Content starts

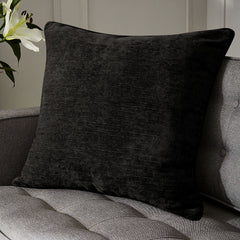 Hyperion Interiors Selene Black Cushion (55cm x 55cm)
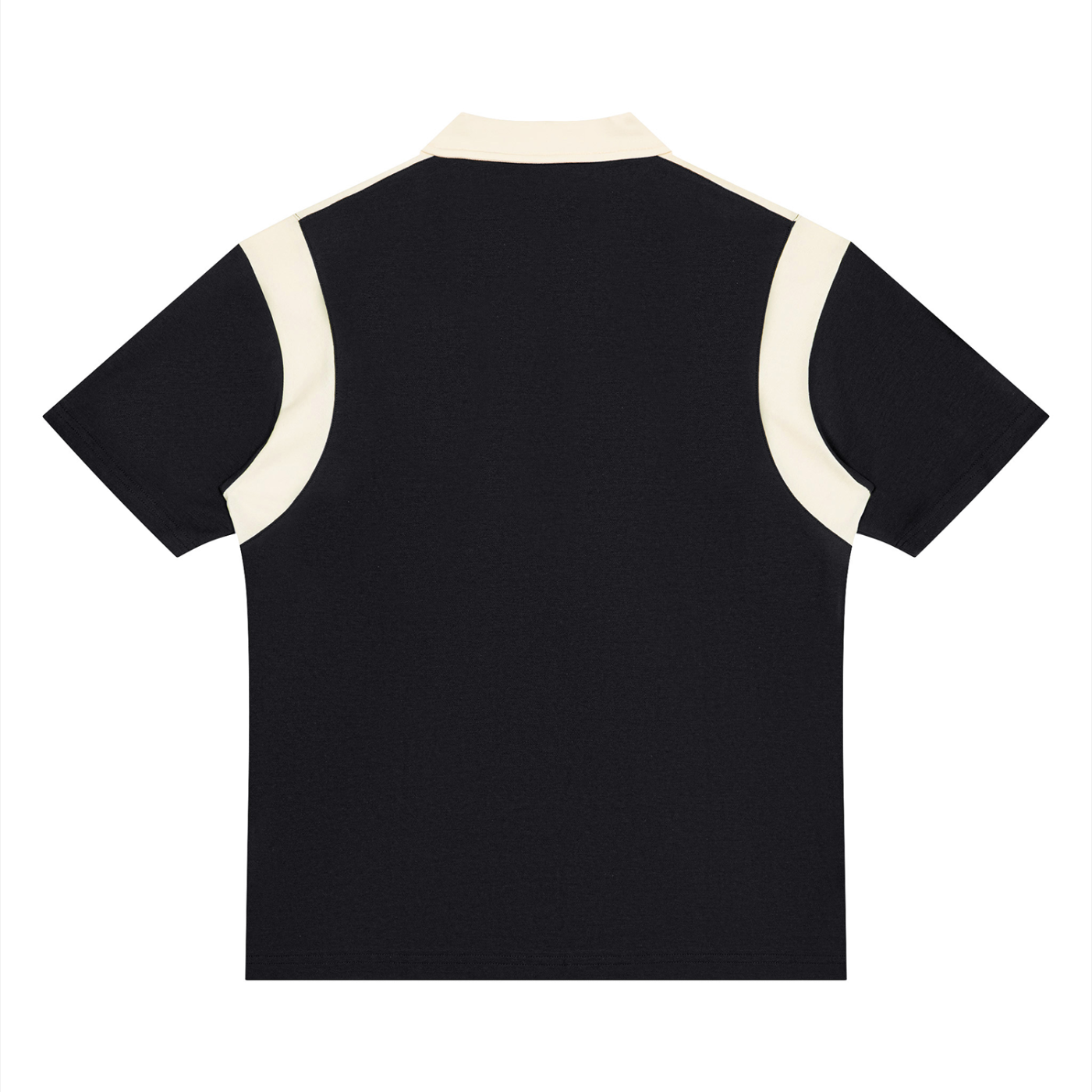 2RAW Quarter Zip Polo Shirt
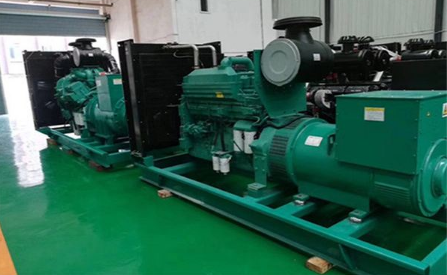 涞源发电机出租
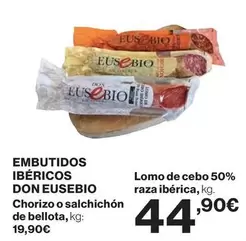 Bellota - Embutidos Ibéricos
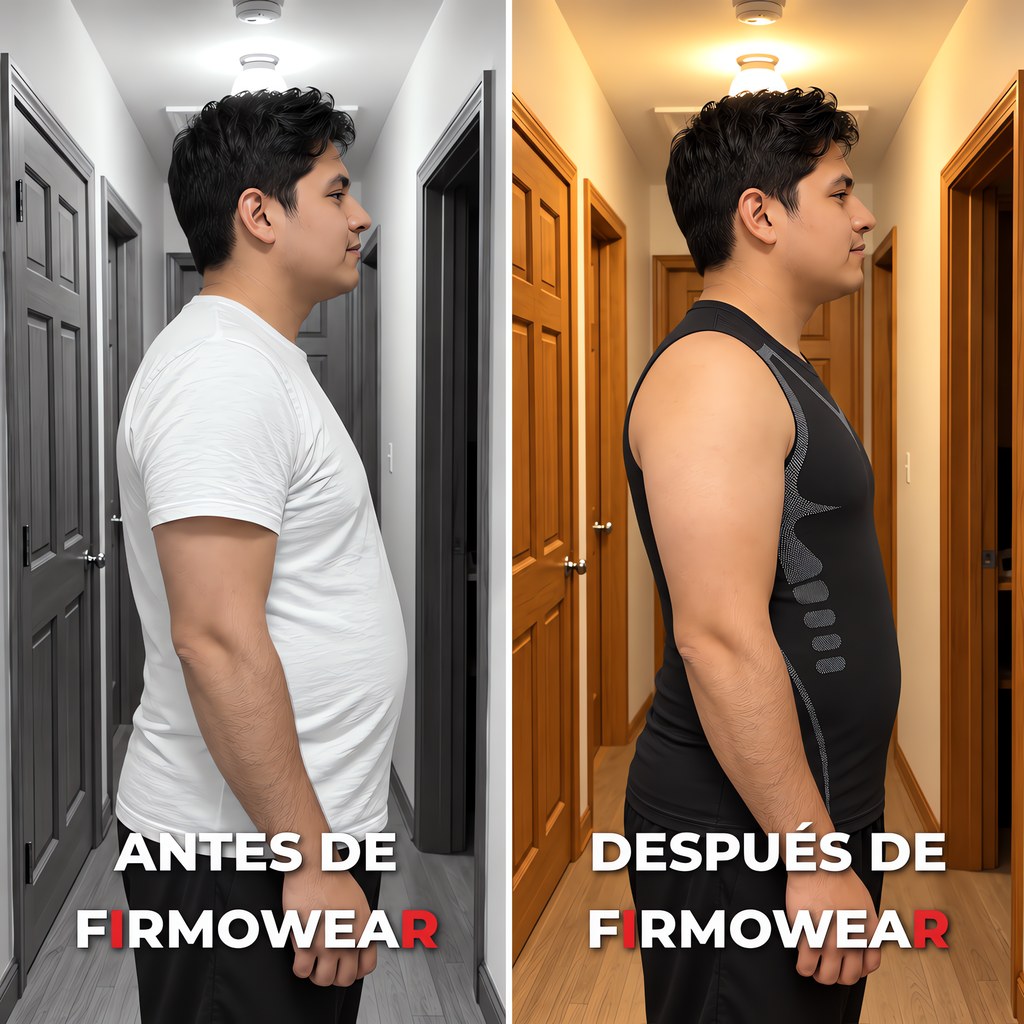 FIRMOWEAR | Siente el poder de la confianza, la figura y el control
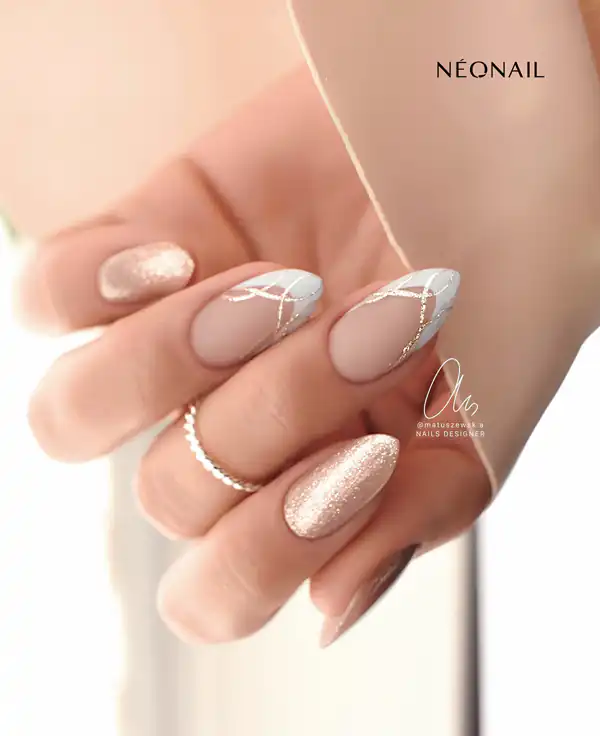 طراحی ناخن تیز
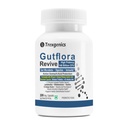 Trexgenics GUTFLORA-REVIVE Probiotics 140 Billion CFU/Delayee release stomach acid protection capsules, Gut Microbiota, Digestive Health & Immunity (30 Veg Capsules)
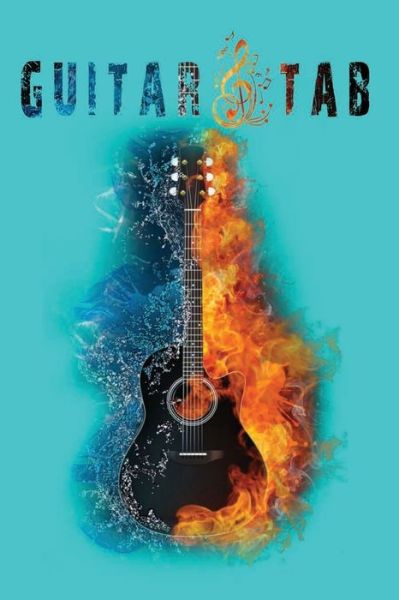 Cover for King Art · Guitar Tab Notebook (Paperback Book) (2020)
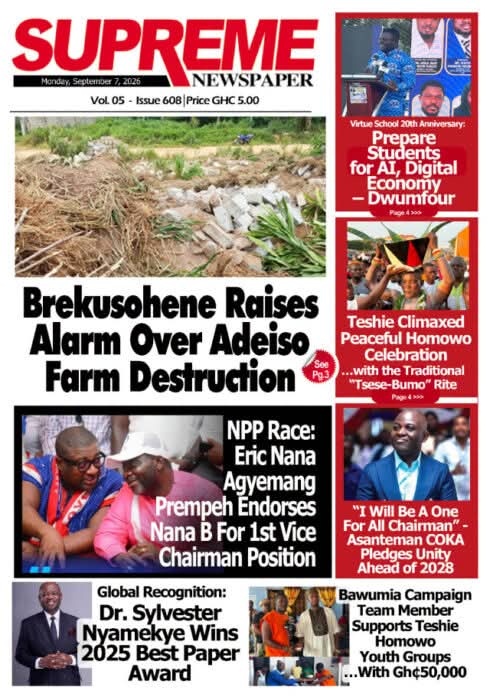 Newspaper Headlines - Monday, 07/09/26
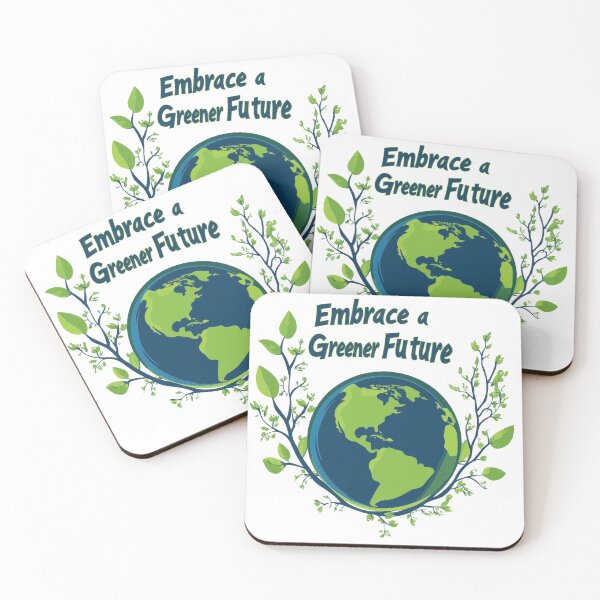 Item preview, Embrace a Greener Future Earth designed and sold by jeasolar.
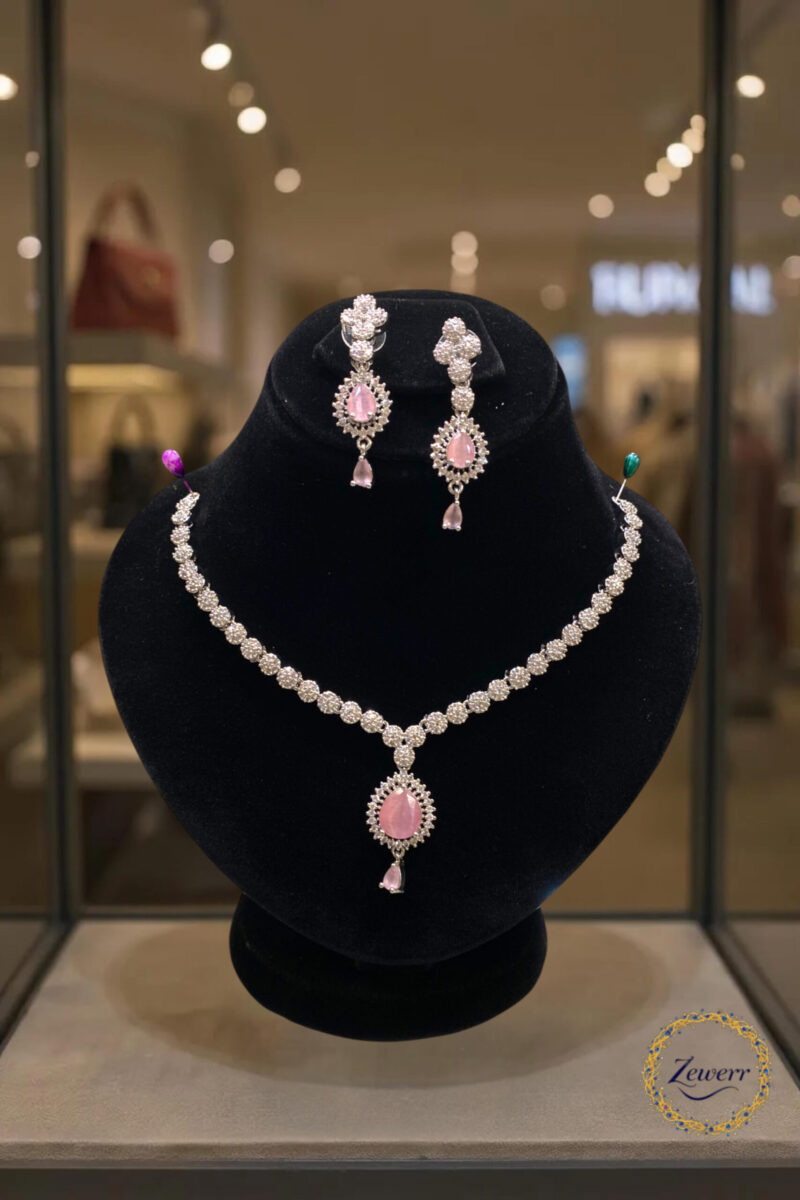 Silver Necklace - 015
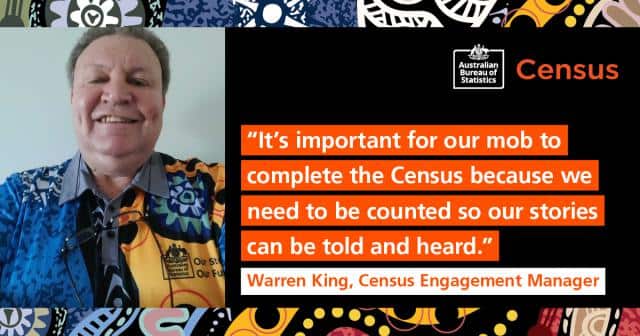 Warren king census abs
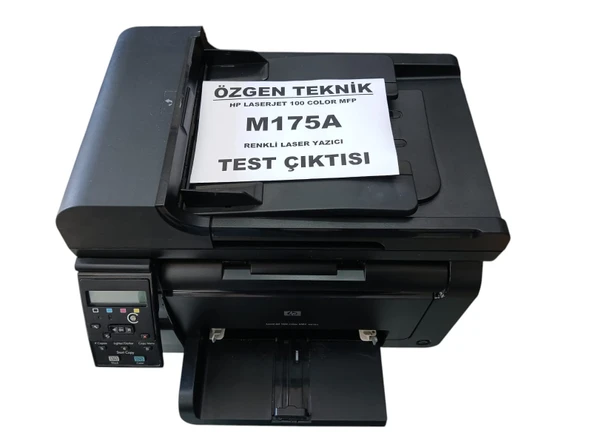 hp color laserjet pro mfp m175a yazıcı(ÇALIŞIR,SORUNSUZ,İKİNCİEL) ürün görseli 1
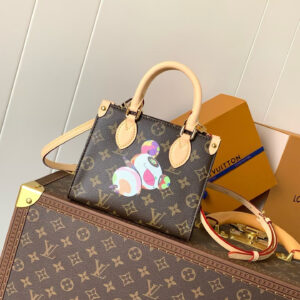 Louis Vuitton x Takashi Murakami OnTheGo Handbag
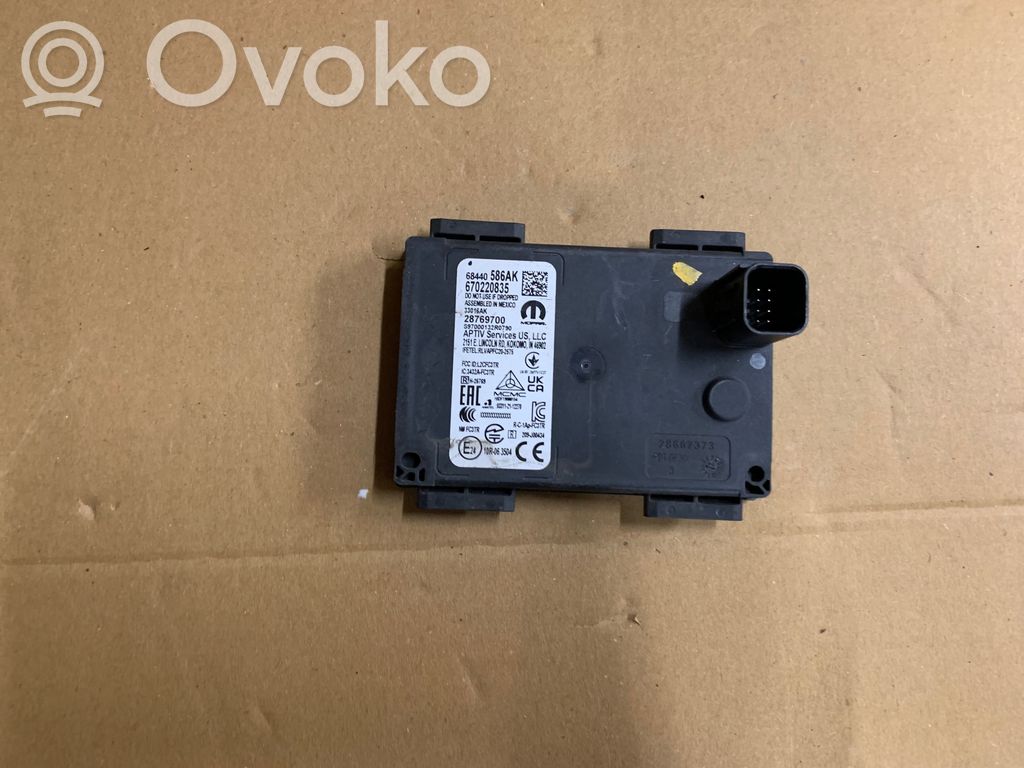 Sensor de radar Distronic   670220835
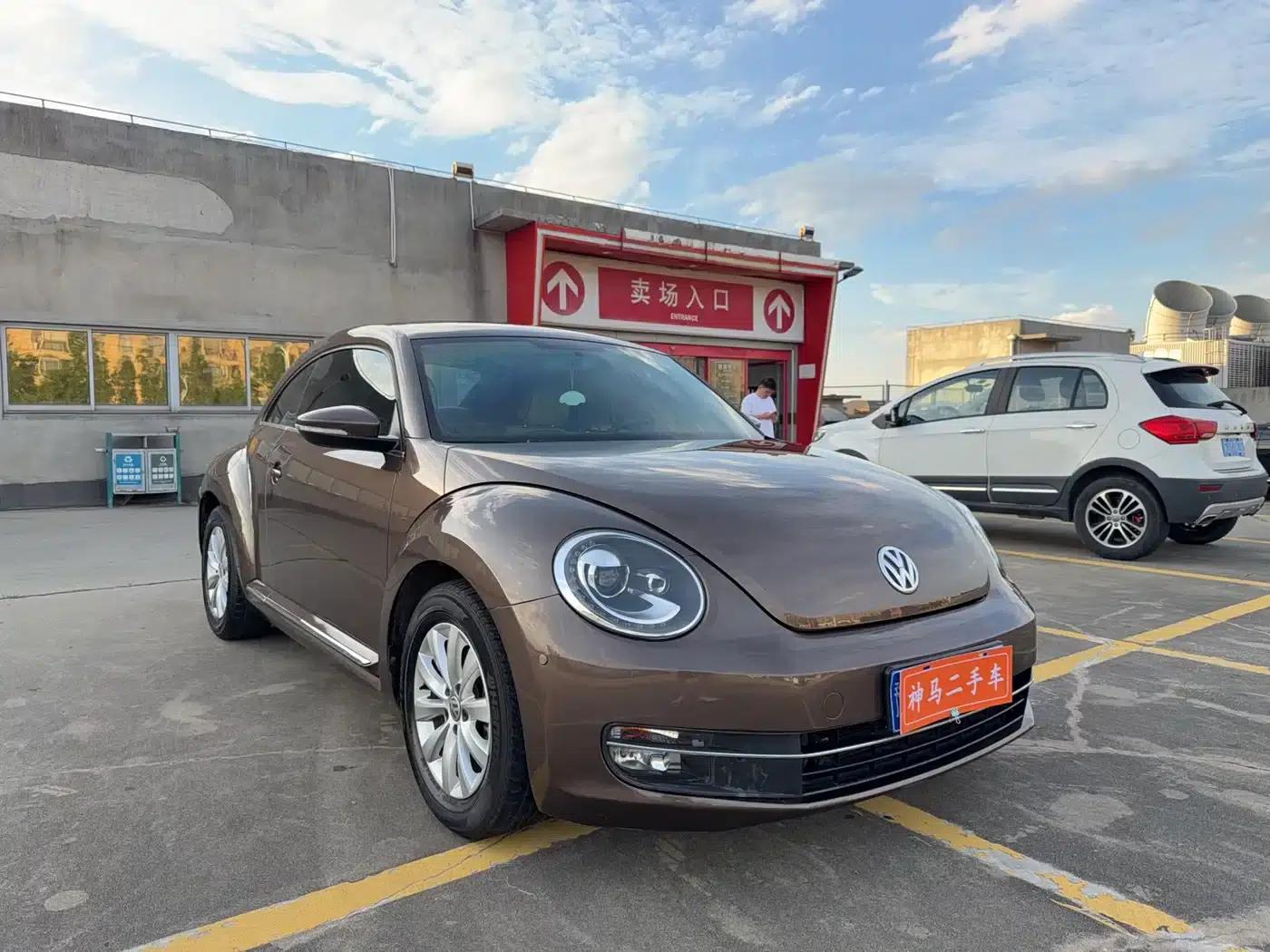 2014 Volkswagen Beetle 1.2TSI Fashion Edition — миниатюра 3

Content ends

YOUR ASSIGNMENT :: Would you transcribe exactly, and only, the lines from the one containing "2RAW Quarter Zip Polo Shirt" through the last line of the records above, both included, leaving out the pictures?

EXERCISE SOLUTION ::
 2RAW Quarter Zip Polo Shirt
 涞源发电机出租
 Bellota - Embutidos Ibéricos
 FIRMOWEAR | Siente el poder de la confianza, la figura y el control
 طراحی ناخن تیز
 Trexgenics GUTFLORA-REVIVE Probiotics 140 Billion CFU/Delayee release stomach acid protection capsules, Gut Microbiota, Digestive Health & Immunity (30 Veg Capsules)
 Cover for King Art · Guitar Tab Notebook (Paperback Book) (2020)
 Newspaper Headlines - Monday, 07/09/26
 Item preview, Embrace a Greener Future Earth designed and sold by jeasolar.
 Silver Necklace - 015
 Warren king census abs
 hp color laserjet pro mfp m175a yazıcı(ÇALIŞIR,SORUNSUZ,İKİNCİEL) ürün görseli 1
 Louis Vuitton x Takashi Murakami OnTheGo Handbag
 Sensor de radar Distronic   670220835
 2014 Volkswagen Beetle 1.2TSI Fashion Edition — миниатюра 3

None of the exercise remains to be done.